Inland fjord in Indre Fosen, Norway

Botn (nicknamed: Rissa-Botn) is an inland fjord in Indre Fosen Municipality in Trøndelag county, Norway. It flows through a short, small river into the Sundsbukta, a small bay off the Trondheimsfjorden. The village of Årnset lies on the north shore of Botn.

==Hydrography and water quality==
The extraordinarily shallow, narrow, and long inlet restrains the water exchange severely. The daily tidal amplitude is in the order of centimetres, about 1/10 of the tidal amplitude of the supplying Trondheimsfjord. The shallow river connecting Botn to the Trondheimsfjord blocks out more than half of the tidal wave, making the moon-phase driven tidal flood height cycles the primal driving force for the internal water level, with an abnormally small neap flood effect (zero has been observed during lowest neap tides and meteorologically suppressed sea level).

In addition, the inlet is connected to a secluded bay sheltered from the strong tidal currents in the main fjord. This leads to accumulation and recycling of the exported surface brackish water, heavily reducing the sea water portion of imported water that can sink in and refresh the deeper waters, thus giving a natural stratification with stagnant (uninhabitable) water below a depth of 7 to 10 m, and a poisonous rotten bottom water beneath 30 m. As another unusual anomaly, this hydrographic blocking of seawater seems to persist in calm periods even in the winter, denying import of the usual winterly bottom water renewal that otherwise is normal in fjords, and leading to a decrease in Botn's deep water oxygen levels during winter.

With a gradually descending bottom slope beneath the inlet, the basin lacks strong internal thresholds (abruptly steepening slopes) that often isolates the deep of fjord basins from imported tidal currents, thus leaving the Botn basin 'hydrodynamically open' (with very weak topographical stratifications).

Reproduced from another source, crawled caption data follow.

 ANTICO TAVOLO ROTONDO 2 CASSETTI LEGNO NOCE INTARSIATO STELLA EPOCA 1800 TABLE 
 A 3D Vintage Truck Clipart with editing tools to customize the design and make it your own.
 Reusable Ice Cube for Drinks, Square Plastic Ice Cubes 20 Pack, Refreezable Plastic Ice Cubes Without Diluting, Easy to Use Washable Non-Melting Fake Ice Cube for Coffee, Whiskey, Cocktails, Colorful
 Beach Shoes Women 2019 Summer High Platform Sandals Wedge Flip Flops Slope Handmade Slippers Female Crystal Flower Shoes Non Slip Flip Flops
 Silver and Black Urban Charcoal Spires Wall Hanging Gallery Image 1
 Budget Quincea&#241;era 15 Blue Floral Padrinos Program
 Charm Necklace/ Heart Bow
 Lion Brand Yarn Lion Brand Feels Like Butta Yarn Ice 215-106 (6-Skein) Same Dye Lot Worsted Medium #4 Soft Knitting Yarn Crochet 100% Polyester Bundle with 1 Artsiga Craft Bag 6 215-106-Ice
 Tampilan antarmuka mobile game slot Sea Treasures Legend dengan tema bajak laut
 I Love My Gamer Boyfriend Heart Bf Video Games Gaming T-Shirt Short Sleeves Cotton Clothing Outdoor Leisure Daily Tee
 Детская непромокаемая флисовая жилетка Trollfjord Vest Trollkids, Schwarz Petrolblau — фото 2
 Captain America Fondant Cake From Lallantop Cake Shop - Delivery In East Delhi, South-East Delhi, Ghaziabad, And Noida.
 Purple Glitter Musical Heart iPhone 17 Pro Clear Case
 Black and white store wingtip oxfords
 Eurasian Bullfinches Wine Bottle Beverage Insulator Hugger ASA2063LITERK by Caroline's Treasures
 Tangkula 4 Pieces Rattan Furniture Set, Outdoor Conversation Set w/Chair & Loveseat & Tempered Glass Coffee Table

Thus, the annually induced stagnation depth varies with the volume and energy of the tidal instream in the critical time when the spring flood dilutes the incoming water rapidly, and accumulating differences along the current shear creates the stratification. Naturally there is also a bottom water stratification between semi-ventilated deep water (uninhabitable but not rotten) and totally isolated poisonous bottom water.

The long and 'river-like' inlet with streaming water makes ideal growing conditions for seaweed and mussels, which was scraped for use as angling bait up until the end of World War II. Late in the 1970s, increasing agricultural eutrophication and further reduced water exchange from the growing mussel banks in the inlet led Botn to an ecological crisis with surface algal blooms and lifting of very poisonous rotten bottom water. To improve conditions in Botn, the old Rissa Municipality council (the predecessor to Indre Fosen Municipality) restricted the eutrophication in the drainage area and installed a bubbler facility (like in an aquarium but bigger) at a depth of 30 m to distribute more of the water exchange to deeper levels.

==The Great Quick Clay Slide of 1978==
On 29 April 1978, a big quick clay slide eradicated several farms on the southeast corner of Botn, killing only one person. Many inhabitants fled from the scene as the edge ate its way inward from the shore. Two local teenagers made a famous 8 mm film of the cracking, sliding, and collapsing of the clay landscape. A 3 m high tsunami caused some destruction on the northern shore of Botn.